障害年金の特例さらに10年延長 厚労省、未納者を救済
2024年08月05日 福祉新聞編集部障害年金を受給できるよう保険料未納者を救済する特例について、厚生労働省は10年間延長する方針を7月30日の社会保障審議会年金部会(座長=菊池馨実早稲田大法学学術院教授)に示した。委員からは賛同する意見が上がり、2025年の年金制度改革に反映される見通しだ。
特例は保険料を長期間納めていなくても、初診日のある月の前々月までの1年間に未納がなければ納付要件を満たすとする救済措置で、「直近1年要件」と呼ばれる。
1985年の改正以降10年ずつ特例期限が延長され、現在、2026年3月31日までとされている。保険料を納めてきた人には不公平感があるため、この特例を廃止すべきという意見がある。

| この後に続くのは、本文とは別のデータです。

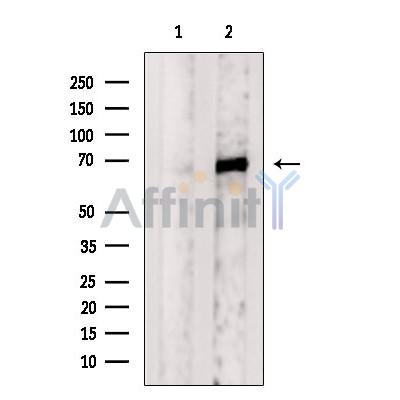 Валидация Affinity DF6419 - 17787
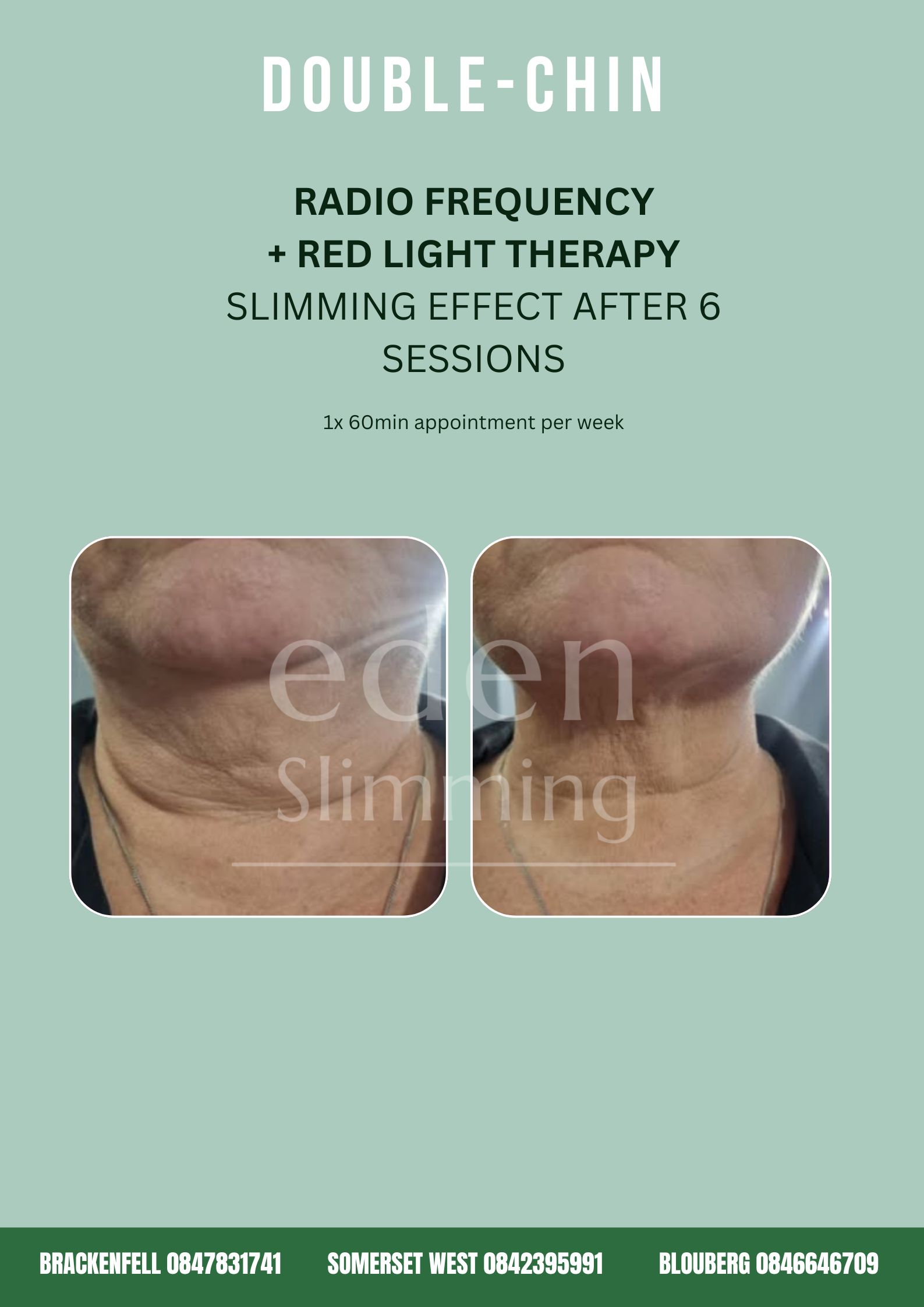 Jawline and Neck Contouring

一方、この特例によって障害年金を受給する人は、特例がなくなると生活の前提が崩れる。厚労省はさらに特例を10年間延長しつつ、受給の実態を把握するという。
初診日要件も課題
障害年金をめぐってはこのほか四つの課題がある。その筆頭は「初診日要件」だ。
現行制度は初診日を保険事故が発生した日と捉える。そのため、会社勤めをしている時に発病して退職し、それまでの厚生年金から国民年金に移った後に初診日がある場合、受給額は相対的に低い国民年金の額になる。
負担してきた厚生年金の保険料に見合わない受給額になり、不合理だとする指摘があるため、何らかの救済措置が求められていた。
厚労省は厚生年金の被保険者でなくなった後も一定期間内に初診日があれば給付対象とする「延長保護」という措置や、厚生年金の保険料納付期間が一定以上あれば給付対象とする「長期要件」という措置を講じることを論点とした。
いずれも、保険加入中に発生した保険事故に給付するという保険原理から外れるため、慎重な意見があるが、障害年金に詳しい百瀬優委員からは「1年程度の延長保護は許容されるのではないか」とする意見が上がった。
この点は他の課題と同様、年末の取りまとめに向け検討される。次期年金制度改革で厚労省は、働き方に中立的な制度を目指し、ライフスタイルの多様化を反映する方針。遺族厚生年金では給付をめぐる男女差を20年程度かけて段階的に解消する考えだ。